When we first presented on emerging market debt, there was lots of sage nodding
“We looked at our funds going back 17 years and they are actually not volatile at all,” Aird says. “Even if a fund moves from a four to a five, I can live with that. Some providers’ cautious funds could invest 80 per cent gilts, but then there might be a gilt sell off. I completely disagree with backward looking allocation. It is like jumping into a car with the windscreen blacked out and driving using the rear-view mirrors.”
Altogether there are seven investment teams within Investec Asset Management, all of which have been “built from scratch”. They are: Multi-Asset; 4factor Equities; Contrarian; Frontier; Commodities & Resources; Fixed Income & Currency; and South African Equities. Under the Oeic umbrella there are 31 funds, with notable “specialist” funds including Alastair Mundy’s £695m UK Special Situations portfolio, Philip Rodrigs’ £446m UK Smaller Companies fund, and Greg Kuhnert’s £121m Asia ex Japan mandate.

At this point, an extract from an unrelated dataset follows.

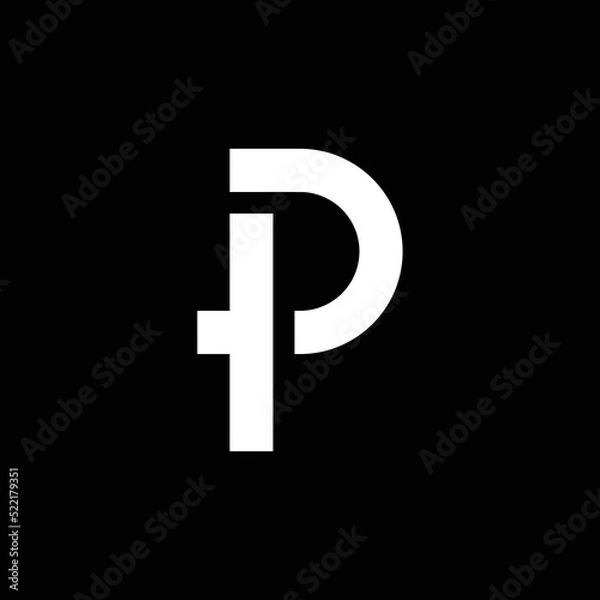 Fototapeta modern letter P monogram logo design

“Philip Rodrigs probably has the best record in the peer group over five years, and he has just been given the chance to run the UK Alpha fund – it was a natural stepping stone for him to take over [from Ken Hsia]. The Asia Ex Japan fund’s performance has also been fantastic. We are now having to manage flows, so we are not taking on institutional mandates or proactively marketing it to clients,” says Aird.

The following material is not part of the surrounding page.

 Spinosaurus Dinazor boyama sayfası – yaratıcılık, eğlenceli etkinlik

“Alastair Mundy is most famous for being a contrarian investor. He has run UK Special Situations as the named manager for over 10 years and the performance has been outstanding. The fund should be bigger, but there are bigger people ahead in the queue.”

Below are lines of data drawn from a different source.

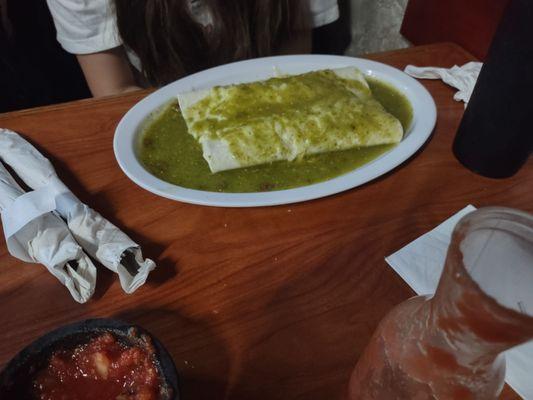 Beef burritos with salsa verde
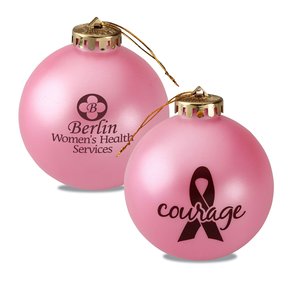 Breast Cancer Awareness Ornament - Ribbon with Courage Main Image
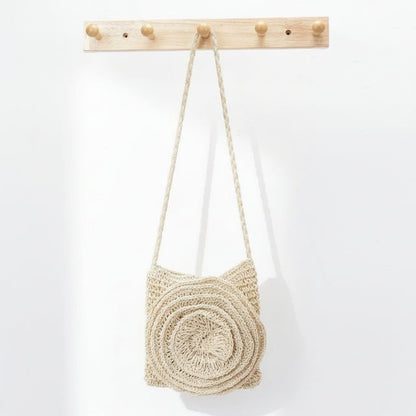 Faux Straw Handmade Big Flower Crossbody Bag – Summer Floral Purse - ZumBuys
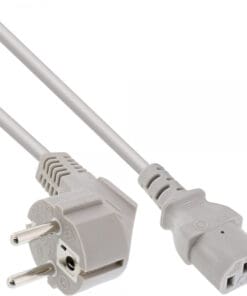 InLine® Netzkabel, Schutzkontakt gewinkelt auf Kaltgerätestecker C13, 2m, grau, grau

It is Mundy who frequently crops up on fund selectors’ lists. Ben Seager-Scott, senior research analyst at Bestinvest, says: “The firm offers a reasonably broad range of investment products but is probably best known for some of its specialist offerings. One of its better-known managers, Alastair Mundy, is renowned for his highly contrarian style, looking to benefit from unloved companies that have serious turnaround potential – he can often be found in meetings and at conferences talking about picking (metaphorical) fights with old ladies.”
Martin Bamford, managing director as Informed Choice, concurs: “We have recommended [Investec] in the past for their Cautious Managed fund, run by Alastair Mundy who is well known for his contrarian style of investing. Their Global Gold fund has also performed well relative to other commodities funds, offering investors an indirect way to access the price of precious metals.”
Cazenove duo Marcus Brookes and Robin McDonald are long-term investors in Mundy’s UK Special Situations fund. “We have been in this fund for many years as we like Alastair’s value contrarian approach. Back in 2009 when everyone was too fearful he was adding risk via very cheap stocks that were already priced for bankruptcy, yet would survive due to strong management teams and a moderating backdrop.”
The total assets in Investec’s UK Oeic amount to £9.5bn, which places it in 23rd place for assets under management.
“When we started out in the UK in 1998 we had total assets of £280m; at the end of July the UK Oeic was £9.5bn. If we strip out those asset managers which are not independent, such as those which are connected to a bank or a life company, we are the 11th largest,” Aird says.
“It is our long -term goal to be in the top 10,” Aird adds. “In the next two years we can comfortably get in.”